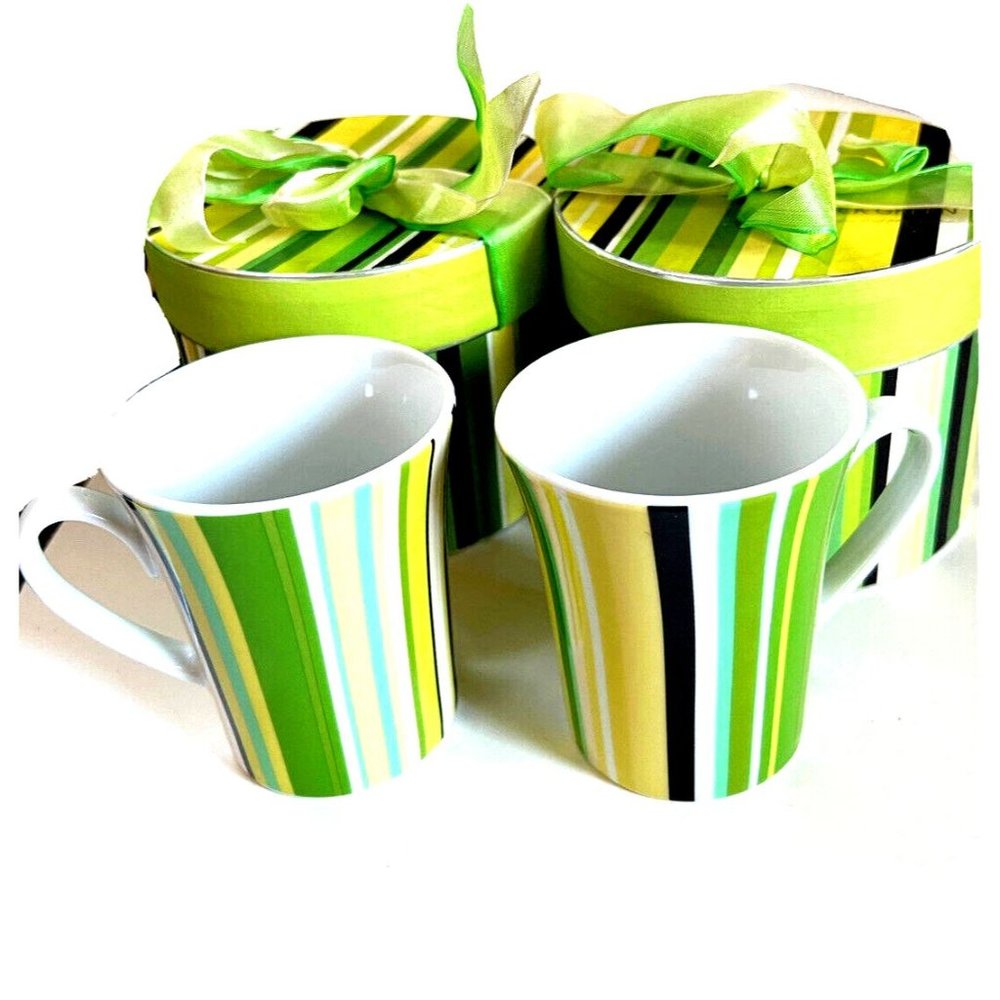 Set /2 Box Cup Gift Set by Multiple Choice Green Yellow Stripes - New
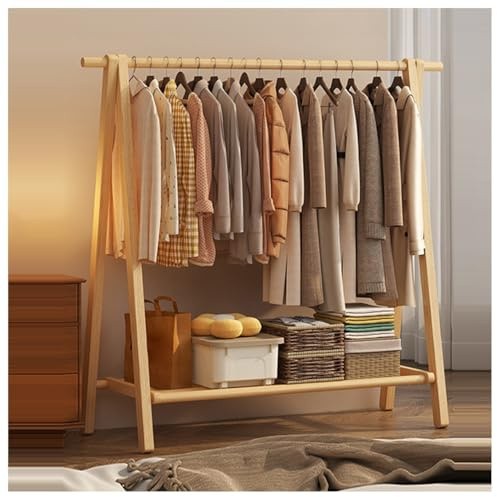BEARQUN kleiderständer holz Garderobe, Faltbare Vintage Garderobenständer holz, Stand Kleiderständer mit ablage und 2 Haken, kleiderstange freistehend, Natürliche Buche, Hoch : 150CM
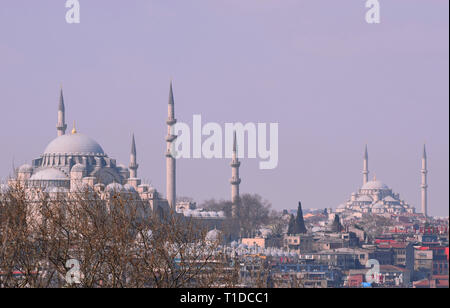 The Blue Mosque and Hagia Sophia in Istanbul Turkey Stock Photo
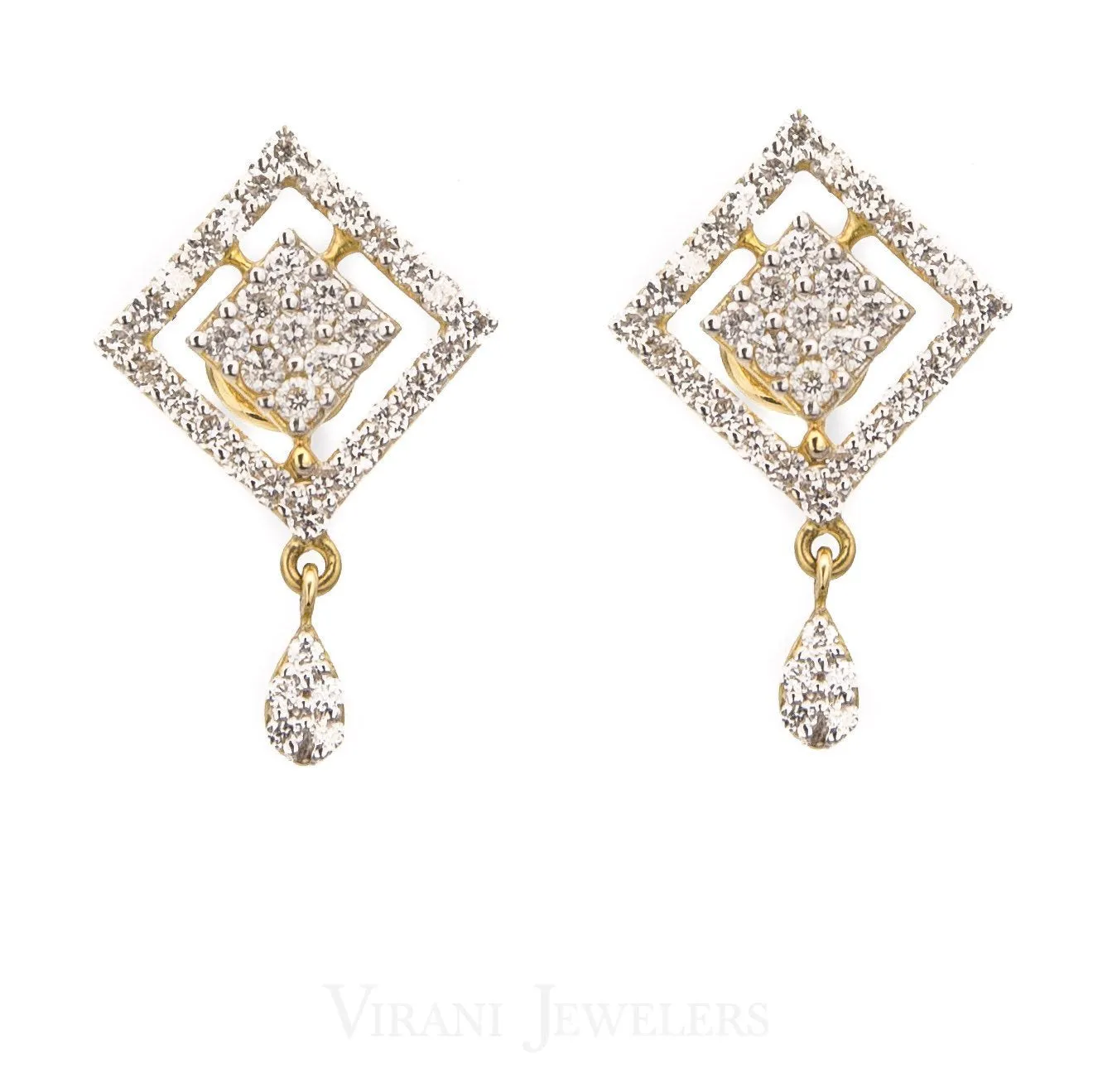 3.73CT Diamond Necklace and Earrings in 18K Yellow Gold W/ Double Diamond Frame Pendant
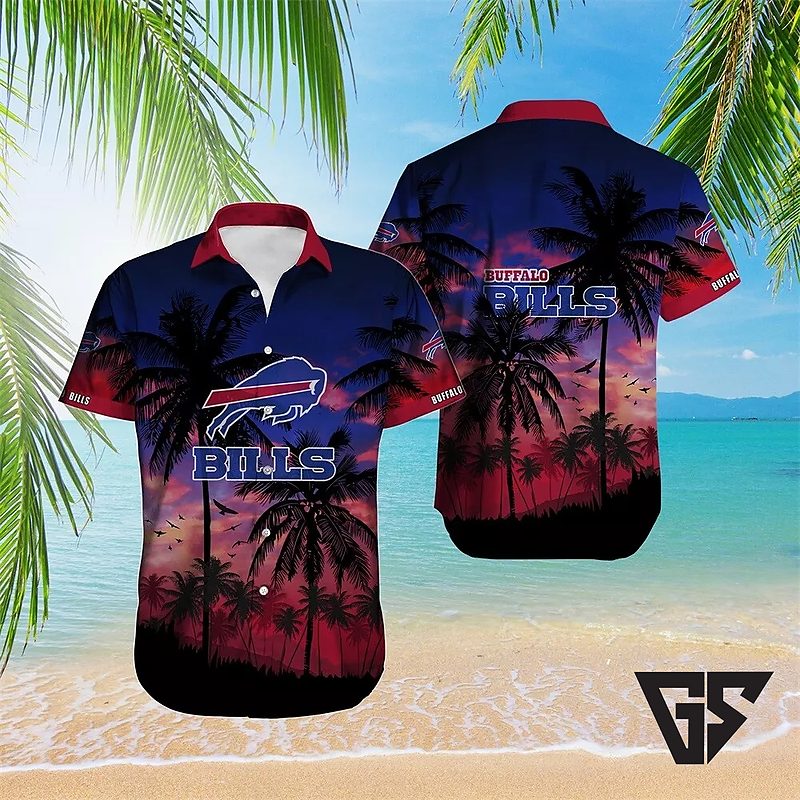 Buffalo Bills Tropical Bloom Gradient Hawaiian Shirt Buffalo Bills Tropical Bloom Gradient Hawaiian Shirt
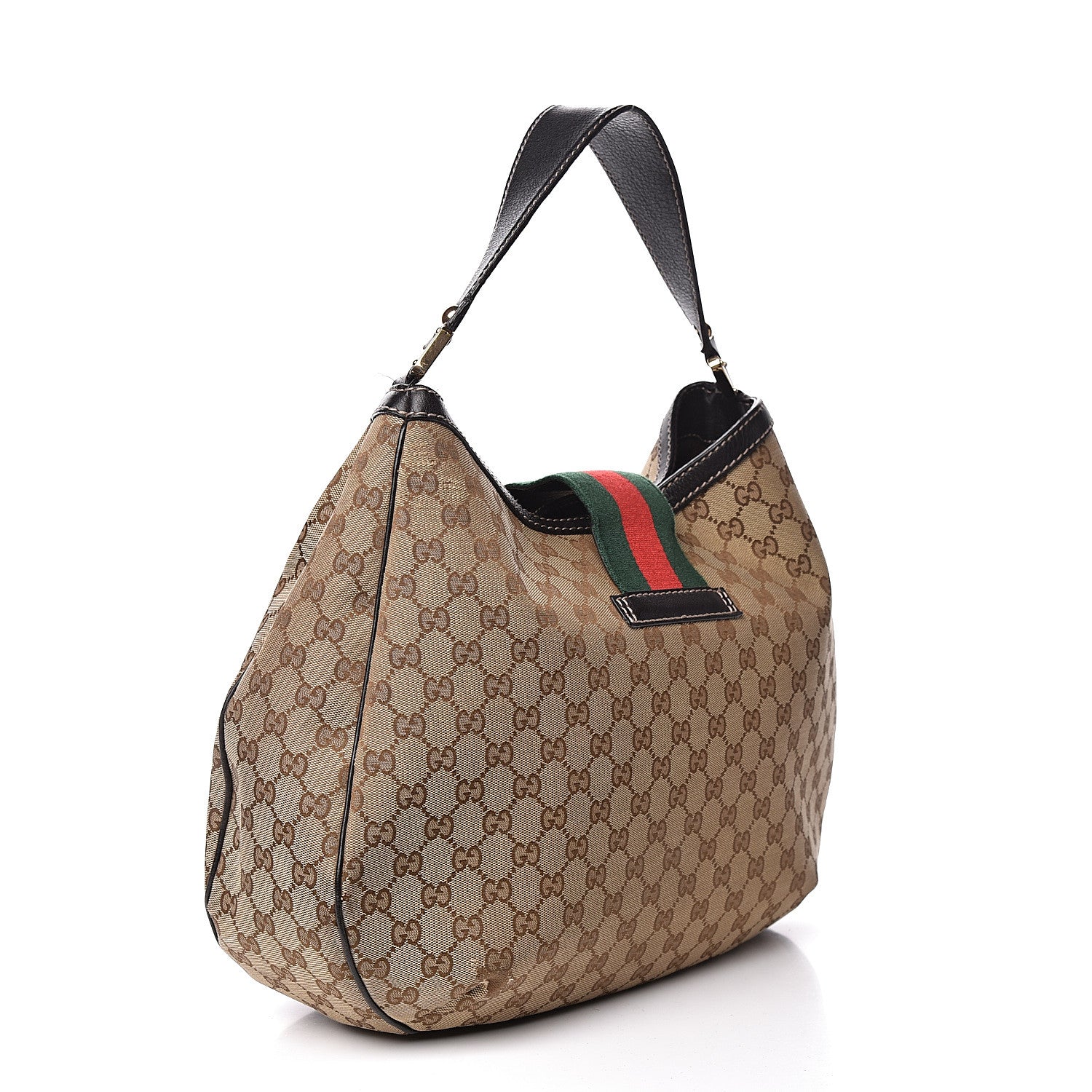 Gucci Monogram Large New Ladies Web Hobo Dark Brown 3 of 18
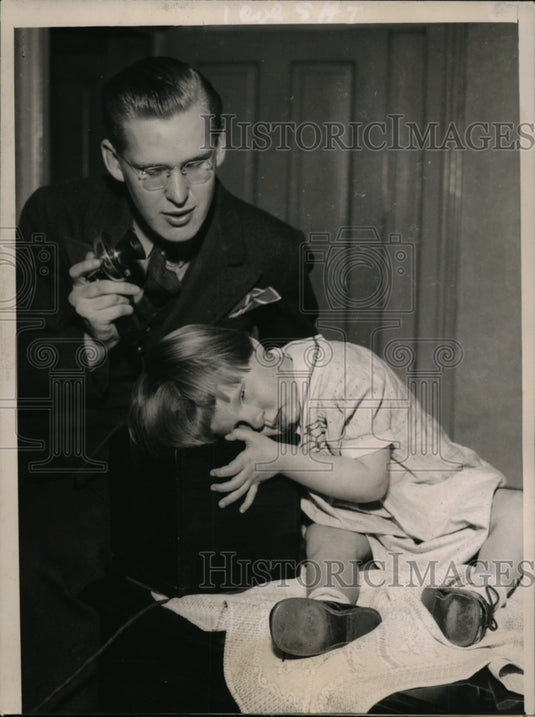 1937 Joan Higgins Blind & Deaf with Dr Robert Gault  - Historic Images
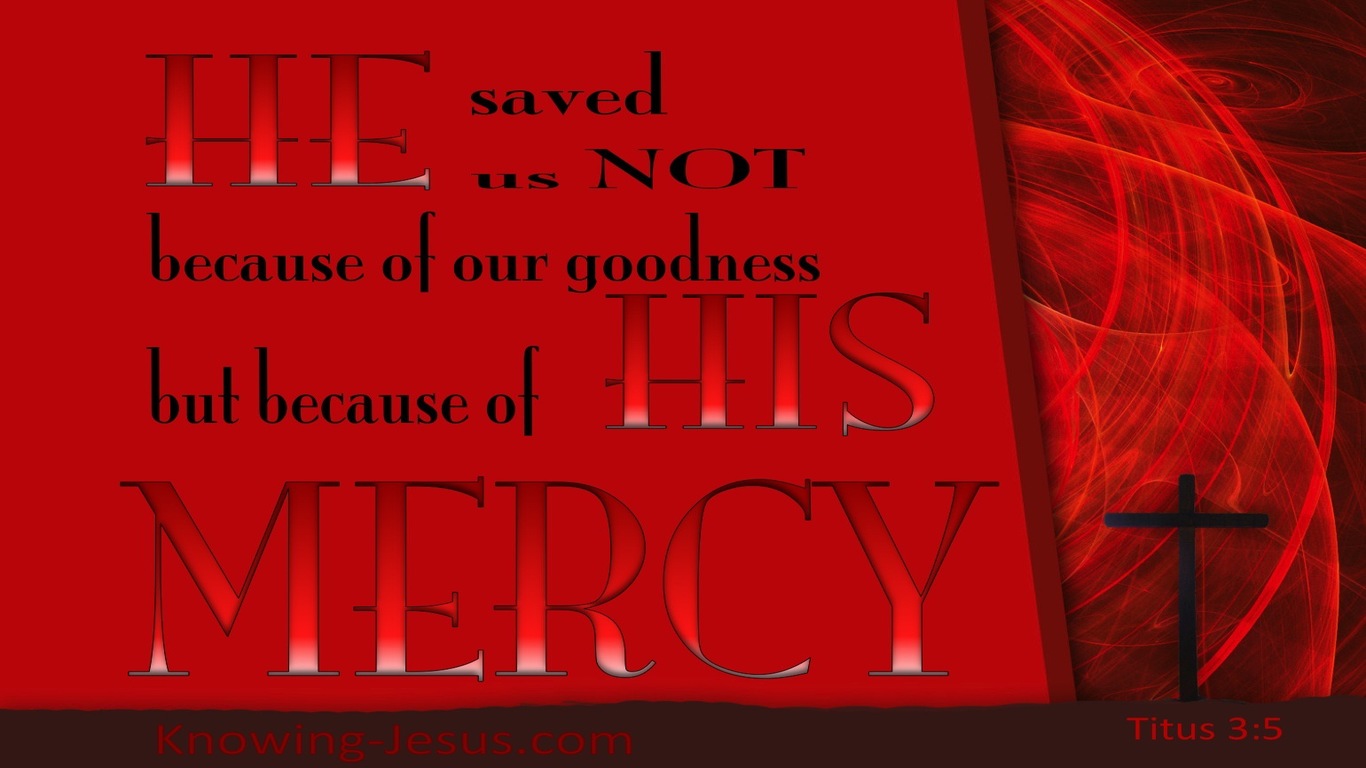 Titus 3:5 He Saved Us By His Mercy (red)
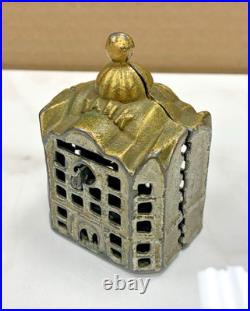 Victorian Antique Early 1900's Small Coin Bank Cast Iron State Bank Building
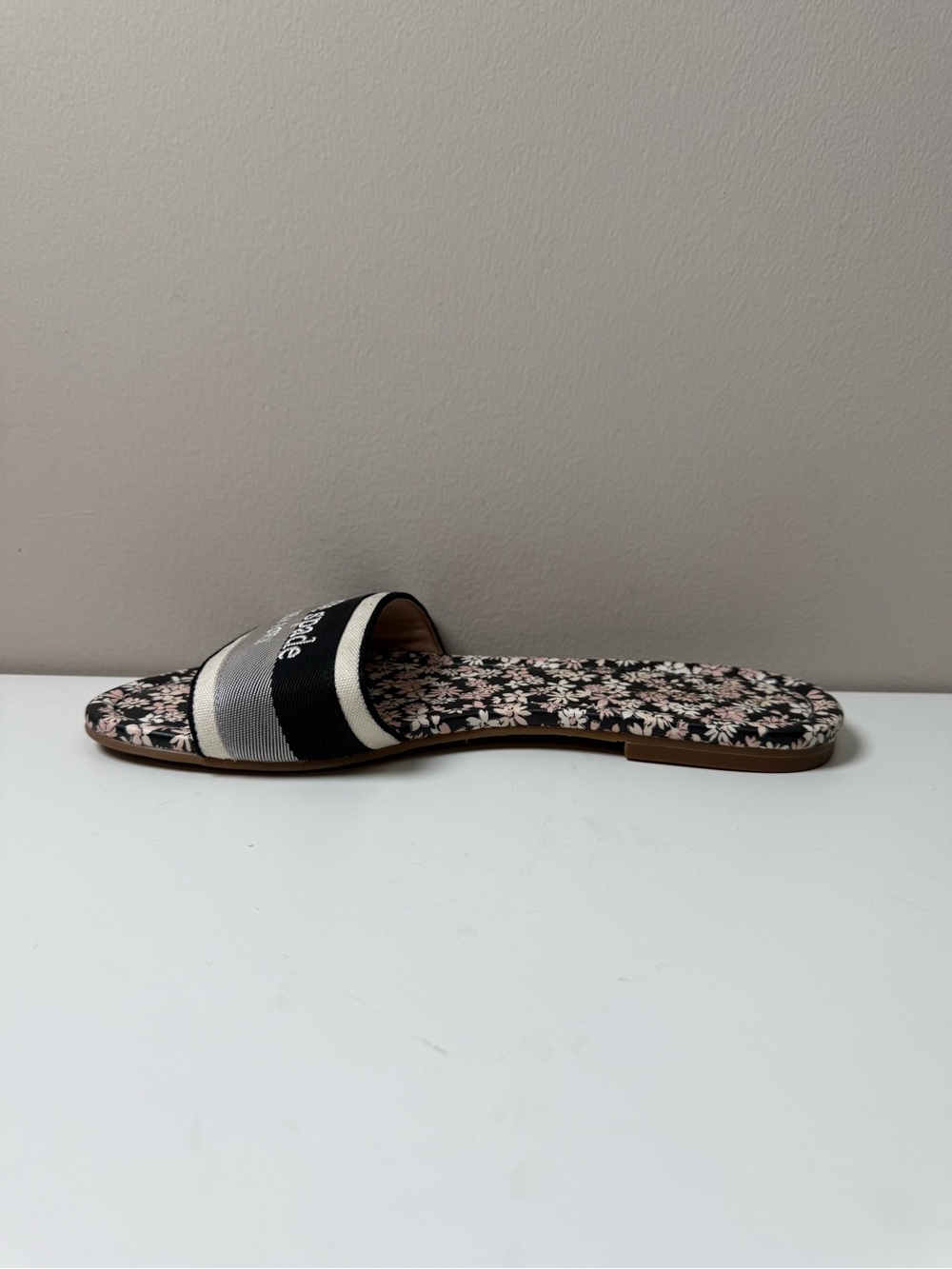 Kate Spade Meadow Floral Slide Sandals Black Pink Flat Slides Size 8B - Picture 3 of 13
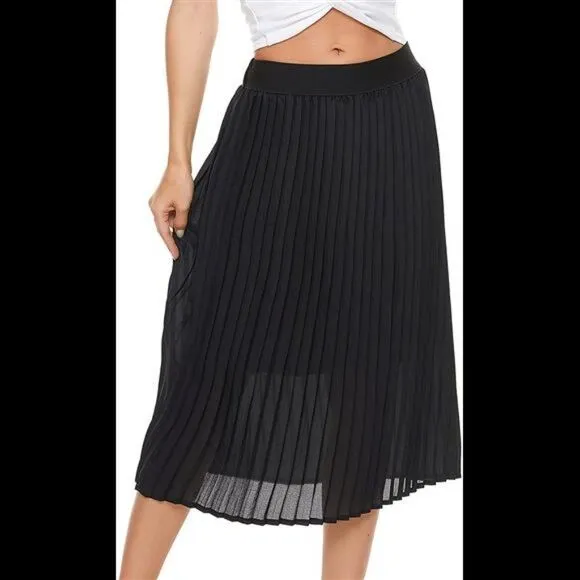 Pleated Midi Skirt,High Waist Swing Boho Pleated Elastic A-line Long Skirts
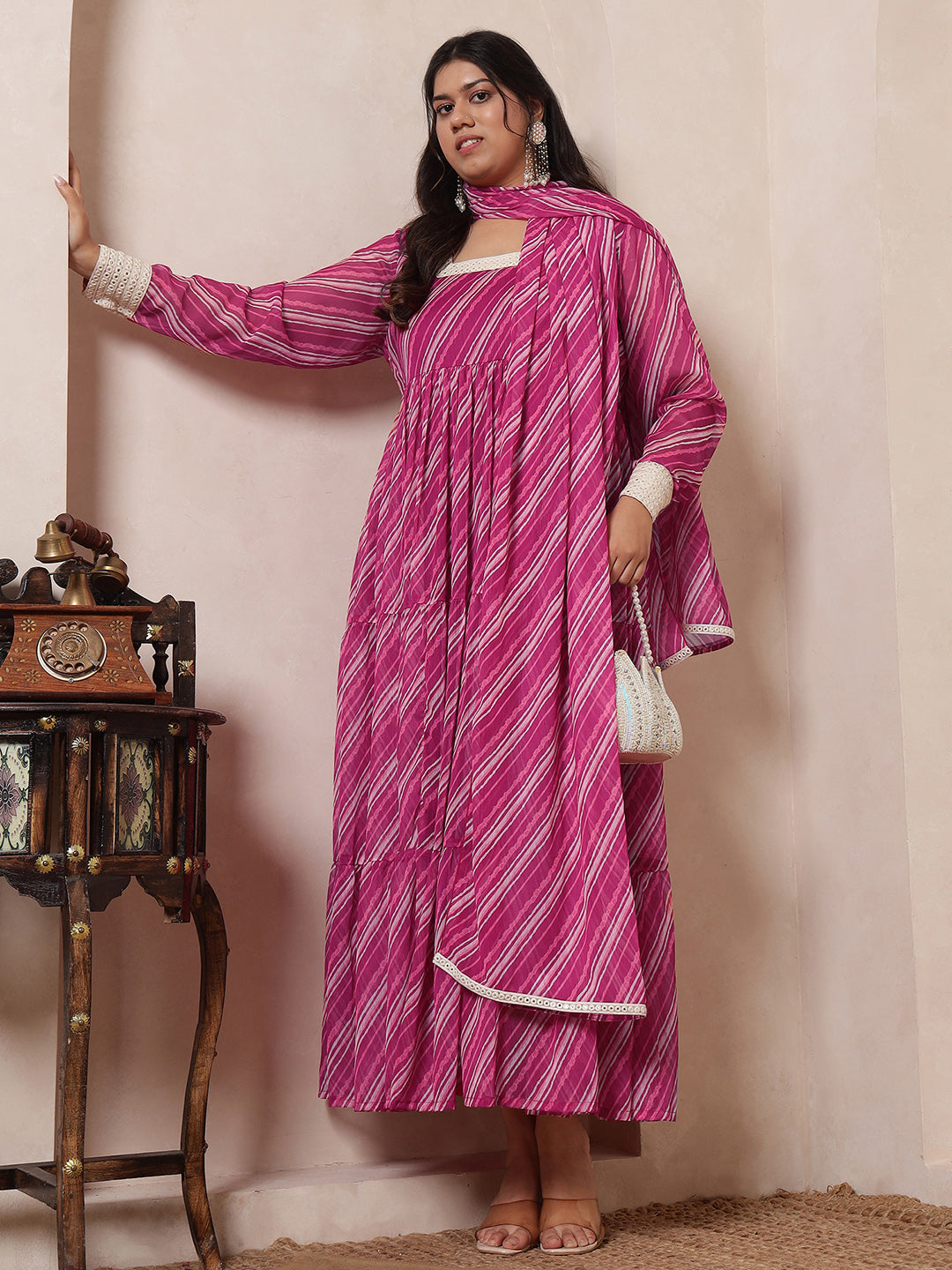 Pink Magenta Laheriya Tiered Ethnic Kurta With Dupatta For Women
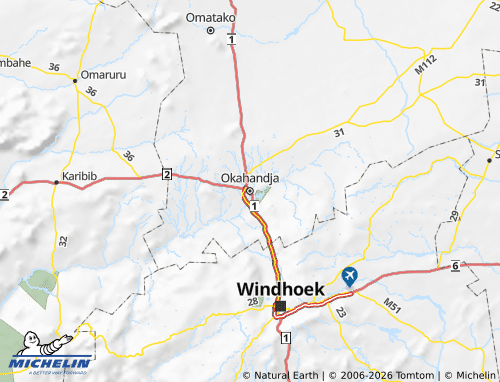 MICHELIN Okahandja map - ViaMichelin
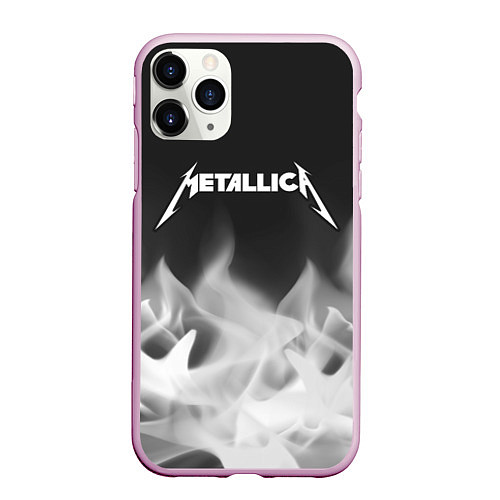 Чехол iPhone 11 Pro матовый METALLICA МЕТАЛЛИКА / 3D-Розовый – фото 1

(TASK GOAL):
Reproduce each entry exactly, without the pictures.

(TASK RESPONSE):
 Set /2 Box Cup Gift Set by Multiple Choice Green Yellow Stripes - New
BEARQUN kleiderständer holz Garderobe, Faltbare Vintage Garderobenständer holz, Stand Kleiderständer mit ablage und 2 Haken, kleiderstange freistehend, Natürliche Buche, Hoch : 150CM
 The Blue Mosque and Hagia Sophia in Istanbul Turkey Stock Photo
 3.73CT Diamond Necklace and Earrings in 18K Yellow Gold W/ Double Diamond Frame Pendant
 Buffalo Bills Tropical Bloom Gradient Hawaiian Shirt Buffalo Bills Tropical Bloom Gradient Hawaiian Shirt
 Gucci Monogram Large New Ladies Web Hobo Dark Brown 3 of 18
 1937 Joan Higgins Blind & Deaf with Dr Robert Gault  - Historic Images
 Titus 3:5 He Saved Us By His Mercy (red)
 Victorian Antique Early 1900's Small Coin Bank Cast Iron State Bank Building
 Kate Spade Meadow Floral Slide Sandals Black Pink Flat Slides Size 8B - Picture 3 of 13
 Pleated Midi Skirt,High Waist Swing Boho Pleated Elastic A-line Long Skirts
 Pink Magenta Laheriya Tiered Ethnic Kurta With Dupatta For Women
 MICHELIN Okahandja map - ViaMichelin
 Чехол iPhone 11 Pro матовый METALLICA МЕТАЛЛИКА / 3D-Розовый – фото 1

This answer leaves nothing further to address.